Your objective: Could you retype exactly the lines below between the one holding "Nude cam girl" and the one holding "2015 Ford Taurus SE", inclusive, leaving out any pictures?

Extracted material:
Content starts

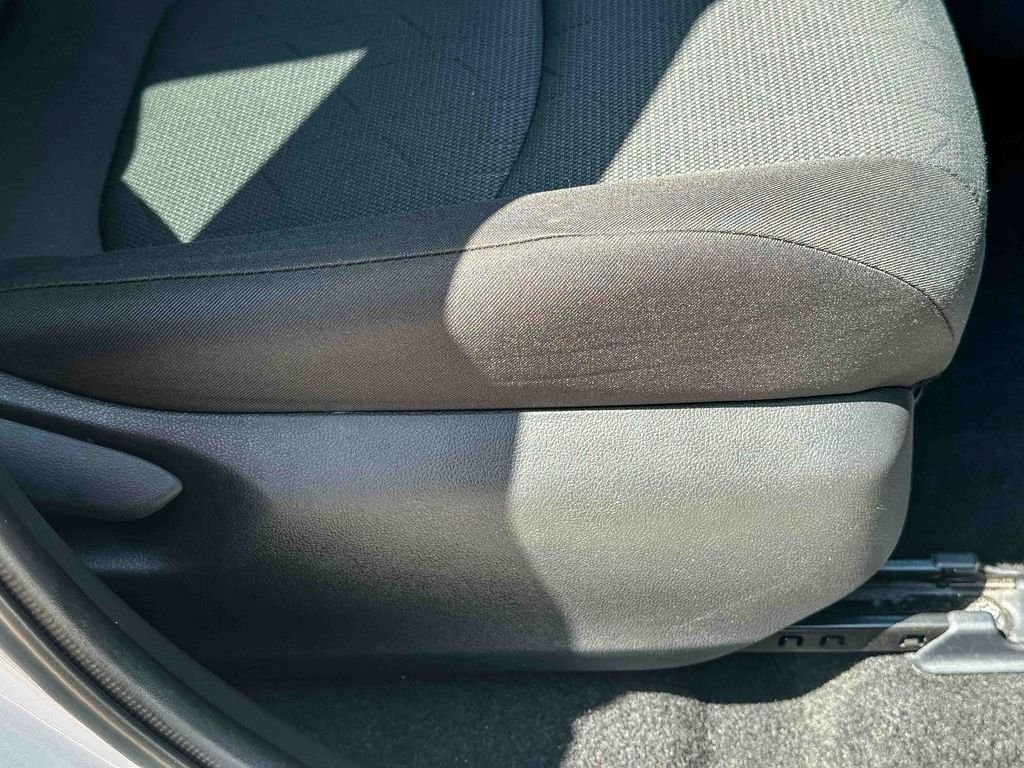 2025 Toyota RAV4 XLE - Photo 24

Content ends
Content starts

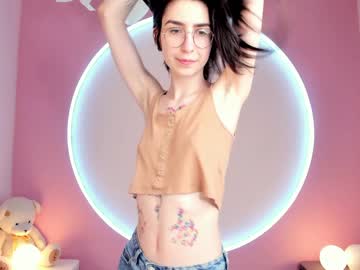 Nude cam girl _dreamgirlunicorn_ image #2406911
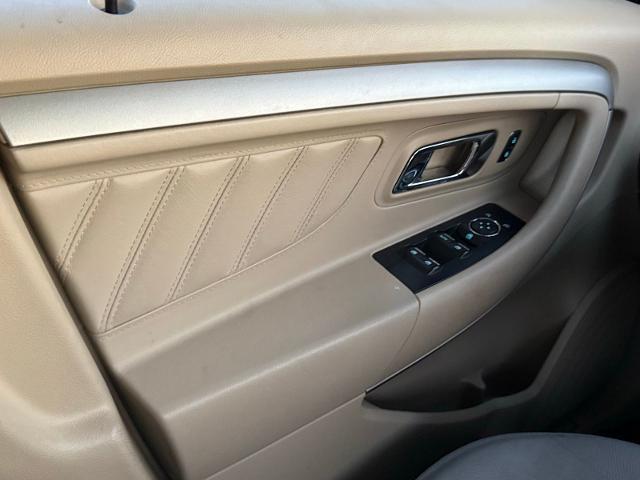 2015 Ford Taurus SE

Content ends

Exercise output:
 Nude cam girl _dreamgirlunicorn_ image #2406911
 2015 Ford Taurus SE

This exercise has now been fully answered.